Resto incantata di fronte alla profondità di questi stupendi versi che rapiscono l'attenzione per la loro intensità. Nella chiusa una domanda implicita che racchiude già di per sé un senso di infinito bisogno di cogliere l'essenza della nostra esistenza. Molto apprezzata.
Un senso di infinito, mistero in questa lirica... un vedere senza guardare, un osservare senza percepire... Versi profondi... infondono pensieri del mistero... ...ben descritti...

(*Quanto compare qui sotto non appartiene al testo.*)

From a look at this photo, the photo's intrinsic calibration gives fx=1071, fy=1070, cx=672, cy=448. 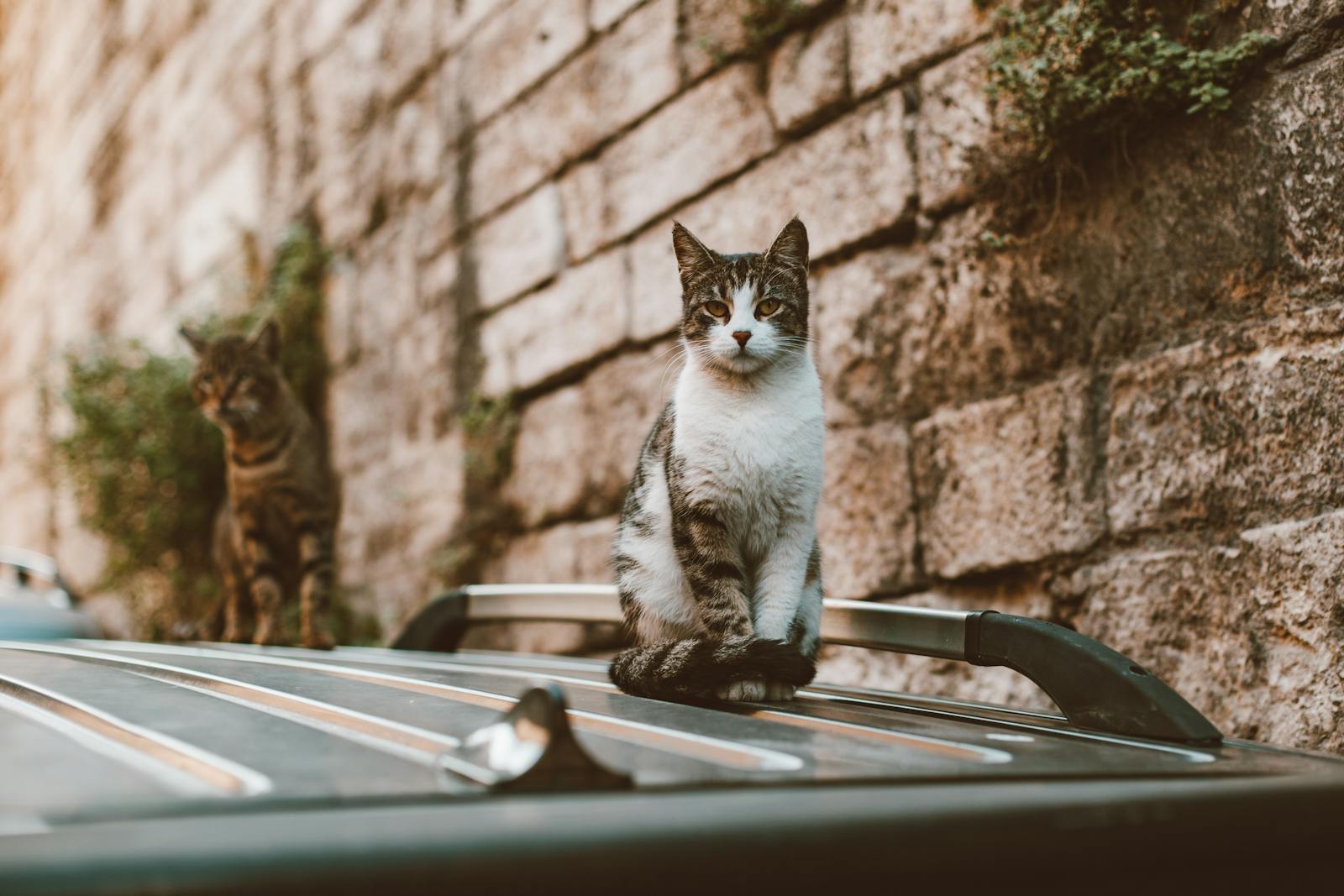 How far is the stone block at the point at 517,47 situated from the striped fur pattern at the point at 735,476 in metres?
1.77

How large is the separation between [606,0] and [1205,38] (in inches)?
74.0

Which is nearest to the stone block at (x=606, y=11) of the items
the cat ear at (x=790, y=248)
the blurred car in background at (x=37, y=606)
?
the cat ear at (x=790, y=248)

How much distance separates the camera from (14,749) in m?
0.74

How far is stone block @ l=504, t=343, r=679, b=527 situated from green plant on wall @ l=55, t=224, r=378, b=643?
1.56 metres

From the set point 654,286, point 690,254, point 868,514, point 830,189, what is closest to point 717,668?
point 690,254

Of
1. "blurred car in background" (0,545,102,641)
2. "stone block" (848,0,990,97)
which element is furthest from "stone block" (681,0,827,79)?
"blurred car in background" (0,545,102,641)

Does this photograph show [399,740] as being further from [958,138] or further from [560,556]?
[560,556]

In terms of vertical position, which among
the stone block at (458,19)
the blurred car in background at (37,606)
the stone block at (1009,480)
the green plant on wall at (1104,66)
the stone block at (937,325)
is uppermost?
the stone block at (458,19)

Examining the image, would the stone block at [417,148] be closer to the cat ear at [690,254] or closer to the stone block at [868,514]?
the stone block at [868,514]

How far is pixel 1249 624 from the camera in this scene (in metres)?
1.81

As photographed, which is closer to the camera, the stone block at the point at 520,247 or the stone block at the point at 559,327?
the stone block at the point at 559,327

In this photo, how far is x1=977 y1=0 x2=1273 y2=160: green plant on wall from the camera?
1.87m

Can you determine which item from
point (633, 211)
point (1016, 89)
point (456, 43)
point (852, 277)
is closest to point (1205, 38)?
point (1016, 89)

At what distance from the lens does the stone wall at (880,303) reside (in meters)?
1.80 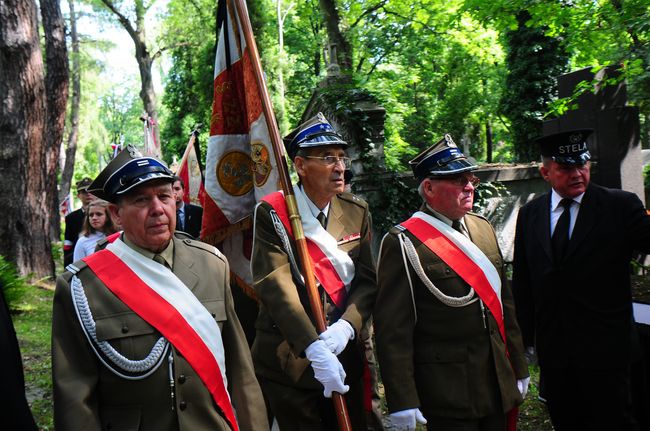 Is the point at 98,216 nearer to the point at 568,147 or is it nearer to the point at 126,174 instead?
the point at 126,174

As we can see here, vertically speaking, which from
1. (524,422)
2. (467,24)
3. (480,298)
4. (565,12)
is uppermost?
(467,24)

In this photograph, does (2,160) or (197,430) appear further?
(2,160)

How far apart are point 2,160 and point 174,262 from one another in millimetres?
9586

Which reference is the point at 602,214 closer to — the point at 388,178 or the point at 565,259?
the point at 565,259

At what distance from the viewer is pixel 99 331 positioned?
7.73ft

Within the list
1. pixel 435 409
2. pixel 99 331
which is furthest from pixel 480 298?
pixel 99 331

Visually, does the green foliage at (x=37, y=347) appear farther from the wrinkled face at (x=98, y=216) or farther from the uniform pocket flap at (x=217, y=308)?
the uniform pocket flap at (x=217, y=308)

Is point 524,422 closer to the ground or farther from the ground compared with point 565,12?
closer to the ground

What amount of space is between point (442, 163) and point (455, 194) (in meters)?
0.19

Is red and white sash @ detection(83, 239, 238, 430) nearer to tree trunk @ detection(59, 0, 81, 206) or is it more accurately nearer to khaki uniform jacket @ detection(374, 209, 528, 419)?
khaki uniform jacket @ detection(374, 209, 528, 419)

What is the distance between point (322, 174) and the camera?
355 centimetres

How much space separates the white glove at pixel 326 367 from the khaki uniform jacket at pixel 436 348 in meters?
0.25

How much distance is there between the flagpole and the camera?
315 cm

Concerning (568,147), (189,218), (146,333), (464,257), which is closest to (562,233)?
(568,147) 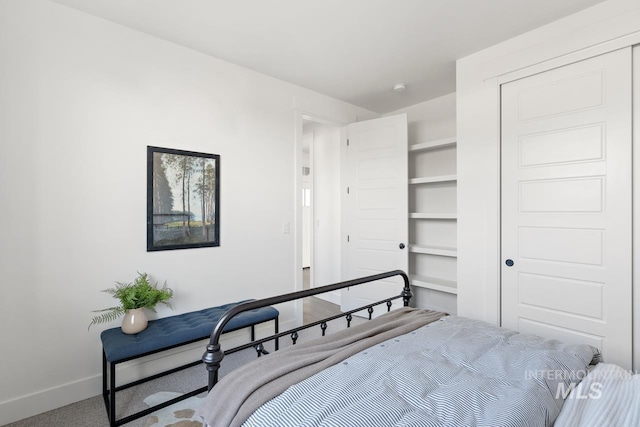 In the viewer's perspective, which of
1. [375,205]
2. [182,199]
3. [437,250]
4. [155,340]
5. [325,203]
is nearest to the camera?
[155,340]

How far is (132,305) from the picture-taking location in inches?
78.2

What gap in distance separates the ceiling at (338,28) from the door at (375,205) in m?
0.72

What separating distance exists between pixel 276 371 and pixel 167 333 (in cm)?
123

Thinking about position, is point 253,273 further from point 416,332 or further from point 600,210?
point 600,210

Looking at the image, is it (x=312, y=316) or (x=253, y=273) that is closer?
(x=253, y=273)

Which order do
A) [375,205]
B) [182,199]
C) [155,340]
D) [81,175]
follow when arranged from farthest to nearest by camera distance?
[375,205] < [182,199] < [81,175] < [155,340]

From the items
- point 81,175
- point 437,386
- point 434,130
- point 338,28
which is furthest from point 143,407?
point 434,130

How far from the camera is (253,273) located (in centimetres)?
292

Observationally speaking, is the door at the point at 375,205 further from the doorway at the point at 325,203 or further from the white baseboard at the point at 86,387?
the white baseboard at the point at 86,387

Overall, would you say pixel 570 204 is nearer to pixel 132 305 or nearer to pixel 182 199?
pixel 182 199

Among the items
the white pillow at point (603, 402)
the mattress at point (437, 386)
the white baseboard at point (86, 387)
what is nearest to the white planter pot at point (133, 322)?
the white baseboard at point (86, 387)

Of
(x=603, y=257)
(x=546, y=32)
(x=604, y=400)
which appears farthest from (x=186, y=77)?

E' onirico abbraccio con l'infinita natura, questa lirica stupenda, una preghiera di consacrazione innalzata al cielo con semplicità di versi, ma pregna di un profondo poetare, tanto da essere un dolce drenaggio per anime assorte, che godono estasiate nell'amalgamarsi col suggestivo infinito mistero. Complimenti all'autrice per questi magnifici versi, carichi d'enfasi poetica.
La lettura dei versi, attraverso immagini d'una quotidiana natura che non cessa mai di stupire per la sua bellezza, trasporta il lettore nei paesaggi dell'anima, nel punto in cui si incontrano nello sguardo dell'autrice.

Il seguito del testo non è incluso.